WHAT TO DO -
Nothing but the lines below between the line holding "Dogini - Pyjamaset: overhemd" and the line holding "16、传统甜品～糯米切糕,吃起来吧", inclusive, should appear in the answer, each set down exactly.

GIVEN DATA -

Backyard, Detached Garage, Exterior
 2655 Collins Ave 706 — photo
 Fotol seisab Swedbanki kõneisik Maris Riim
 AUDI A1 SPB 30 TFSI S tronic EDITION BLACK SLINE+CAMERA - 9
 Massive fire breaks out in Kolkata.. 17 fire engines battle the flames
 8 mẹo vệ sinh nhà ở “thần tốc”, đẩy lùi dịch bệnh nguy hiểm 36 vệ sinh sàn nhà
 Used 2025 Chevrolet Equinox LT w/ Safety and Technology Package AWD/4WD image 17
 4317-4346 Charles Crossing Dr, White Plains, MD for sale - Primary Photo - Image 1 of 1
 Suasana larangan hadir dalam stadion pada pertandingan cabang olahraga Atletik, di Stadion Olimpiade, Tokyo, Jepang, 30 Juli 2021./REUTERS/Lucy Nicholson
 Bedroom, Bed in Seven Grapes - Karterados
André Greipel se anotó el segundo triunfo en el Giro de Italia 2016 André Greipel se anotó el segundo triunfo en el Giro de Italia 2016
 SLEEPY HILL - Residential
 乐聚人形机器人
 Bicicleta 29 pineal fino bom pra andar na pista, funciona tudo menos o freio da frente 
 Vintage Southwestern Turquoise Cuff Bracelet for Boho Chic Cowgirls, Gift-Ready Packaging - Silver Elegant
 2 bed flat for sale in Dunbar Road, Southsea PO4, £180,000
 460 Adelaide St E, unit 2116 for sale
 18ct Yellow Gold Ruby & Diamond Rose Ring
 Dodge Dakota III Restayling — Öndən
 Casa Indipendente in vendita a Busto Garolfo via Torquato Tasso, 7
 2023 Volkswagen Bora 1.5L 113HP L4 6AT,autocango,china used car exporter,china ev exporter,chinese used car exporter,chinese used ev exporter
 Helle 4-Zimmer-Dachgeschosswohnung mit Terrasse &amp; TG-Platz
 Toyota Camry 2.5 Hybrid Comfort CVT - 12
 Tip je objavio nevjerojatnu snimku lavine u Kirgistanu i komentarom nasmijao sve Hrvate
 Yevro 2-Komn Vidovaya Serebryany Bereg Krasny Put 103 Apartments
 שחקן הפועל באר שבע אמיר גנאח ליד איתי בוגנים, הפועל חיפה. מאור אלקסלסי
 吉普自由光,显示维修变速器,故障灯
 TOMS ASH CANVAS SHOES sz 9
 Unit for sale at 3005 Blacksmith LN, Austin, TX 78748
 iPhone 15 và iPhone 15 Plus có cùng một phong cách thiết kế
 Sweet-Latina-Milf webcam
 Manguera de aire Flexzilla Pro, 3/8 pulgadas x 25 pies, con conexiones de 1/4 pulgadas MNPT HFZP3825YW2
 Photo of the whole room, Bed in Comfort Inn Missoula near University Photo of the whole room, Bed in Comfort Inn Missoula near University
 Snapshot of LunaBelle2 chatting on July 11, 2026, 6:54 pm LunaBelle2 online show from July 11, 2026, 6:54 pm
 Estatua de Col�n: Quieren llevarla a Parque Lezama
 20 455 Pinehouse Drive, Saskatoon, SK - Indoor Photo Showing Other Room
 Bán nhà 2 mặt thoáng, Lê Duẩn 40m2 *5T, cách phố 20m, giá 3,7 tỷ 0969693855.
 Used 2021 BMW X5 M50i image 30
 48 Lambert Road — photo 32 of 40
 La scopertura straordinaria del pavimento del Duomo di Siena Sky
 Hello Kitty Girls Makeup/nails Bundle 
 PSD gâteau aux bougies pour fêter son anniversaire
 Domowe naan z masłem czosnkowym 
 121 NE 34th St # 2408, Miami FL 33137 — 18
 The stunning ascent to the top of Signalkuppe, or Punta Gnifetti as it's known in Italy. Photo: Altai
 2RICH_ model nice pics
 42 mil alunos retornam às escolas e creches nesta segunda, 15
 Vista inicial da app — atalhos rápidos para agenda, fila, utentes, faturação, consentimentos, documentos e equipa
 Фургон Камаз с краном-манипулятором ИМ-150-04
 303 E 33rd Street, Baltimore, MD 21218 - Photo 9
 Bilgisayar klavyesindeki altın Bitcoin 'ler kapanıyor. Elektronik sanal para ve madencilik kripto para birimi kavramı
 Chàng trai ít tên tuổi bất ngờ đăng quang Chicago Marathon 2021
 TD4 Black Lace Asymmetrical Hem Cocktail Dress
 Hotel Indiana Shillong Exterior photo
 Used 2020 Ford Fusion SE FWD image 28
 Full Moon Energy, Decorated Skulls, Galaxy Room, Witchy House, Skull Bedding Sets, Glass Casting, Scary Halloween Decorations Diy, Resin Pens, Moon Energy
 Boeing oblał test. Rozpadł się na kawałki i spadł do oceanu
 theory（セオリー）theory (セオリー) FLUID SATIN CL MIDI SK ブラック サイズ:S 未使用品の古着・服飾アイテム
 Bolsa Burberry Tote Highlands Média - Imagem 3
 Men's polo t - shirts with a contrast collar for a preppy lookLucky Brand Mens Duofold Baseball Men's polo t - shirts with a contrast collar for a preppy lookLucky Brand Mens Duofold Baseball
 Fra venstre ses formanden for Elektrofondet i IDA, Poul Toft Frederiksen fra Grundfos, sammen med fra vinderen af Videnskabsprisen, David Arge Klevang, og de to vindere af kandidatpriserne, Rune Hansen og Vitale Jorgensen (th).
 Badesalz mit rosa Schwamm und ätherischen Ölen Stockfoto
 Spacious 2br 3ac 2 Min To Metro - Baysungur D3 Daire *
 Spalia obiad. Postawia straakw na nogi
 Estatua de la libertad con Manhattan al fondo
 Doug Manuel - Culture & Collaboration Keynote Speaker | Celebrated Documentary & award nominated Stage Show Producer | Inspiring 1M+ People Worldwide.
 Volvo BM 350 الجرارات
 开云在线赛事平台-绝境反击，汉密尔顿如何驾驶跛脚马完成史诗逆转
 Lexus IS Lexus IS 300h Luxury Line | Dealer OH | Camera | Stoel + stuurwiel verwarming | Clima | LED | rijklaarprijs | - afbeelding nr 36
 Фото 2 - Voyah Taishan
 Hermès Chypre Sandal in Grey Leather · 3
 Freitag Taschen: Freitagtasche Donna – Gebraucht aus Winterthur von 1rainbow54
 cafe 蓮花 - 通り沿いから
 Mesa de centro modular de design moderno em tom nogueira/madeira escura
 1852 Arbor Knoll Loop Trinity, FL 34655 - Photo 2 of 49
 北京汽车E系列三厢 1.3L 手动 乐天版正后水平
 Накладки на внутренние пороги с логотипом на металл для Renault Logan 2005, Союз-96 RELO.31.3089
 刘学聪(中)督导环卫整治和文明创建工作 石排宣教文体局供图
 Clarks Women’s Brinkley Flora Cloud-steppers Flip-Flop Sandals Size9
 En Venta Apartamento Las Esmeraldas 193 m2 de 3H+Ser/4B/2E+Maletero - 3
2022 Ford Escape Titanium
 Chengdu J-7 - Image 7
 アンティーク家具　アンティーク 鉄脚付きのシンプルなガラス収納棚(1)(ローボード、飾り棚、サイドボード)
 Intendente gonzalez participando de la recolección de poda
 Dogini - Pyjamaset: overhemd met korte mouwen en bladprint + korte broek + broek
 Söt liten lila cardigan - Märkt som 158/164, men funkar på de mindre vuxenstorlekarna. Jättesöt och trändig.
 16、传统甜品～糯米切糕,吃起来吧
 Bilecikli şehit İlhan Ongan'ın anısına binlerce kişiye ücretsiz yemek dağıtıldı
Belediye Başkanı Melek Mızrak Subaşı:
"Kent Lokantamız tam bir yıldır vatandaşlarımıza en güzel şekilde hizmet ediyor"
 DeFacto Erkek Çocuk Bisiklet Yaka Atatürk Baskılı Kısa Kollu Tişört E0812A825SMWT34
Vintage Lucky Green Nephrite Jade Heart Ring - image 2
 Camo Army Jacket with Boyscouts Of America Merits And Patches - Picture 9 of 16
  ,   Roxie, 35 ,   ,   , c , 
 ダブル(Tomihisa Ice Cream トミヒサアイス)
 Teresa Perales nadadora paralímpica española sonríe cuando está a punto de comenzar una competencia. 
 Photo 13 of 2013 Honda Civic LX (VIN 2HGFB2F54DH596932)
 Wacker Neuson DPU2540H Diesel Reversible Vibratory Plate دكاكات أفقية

RESPONSE AREA -
 Dogini - Pyjamaset: overhemd met korte mouwen en bladprint + korte broek + broek
 Söt liten lila cardigan - Märkt som 158/164, men funkar på de mindre vuxenstorlekarna. Jättesöt och trändig.
 16、传统甜品～糯米切糕,吃起来吧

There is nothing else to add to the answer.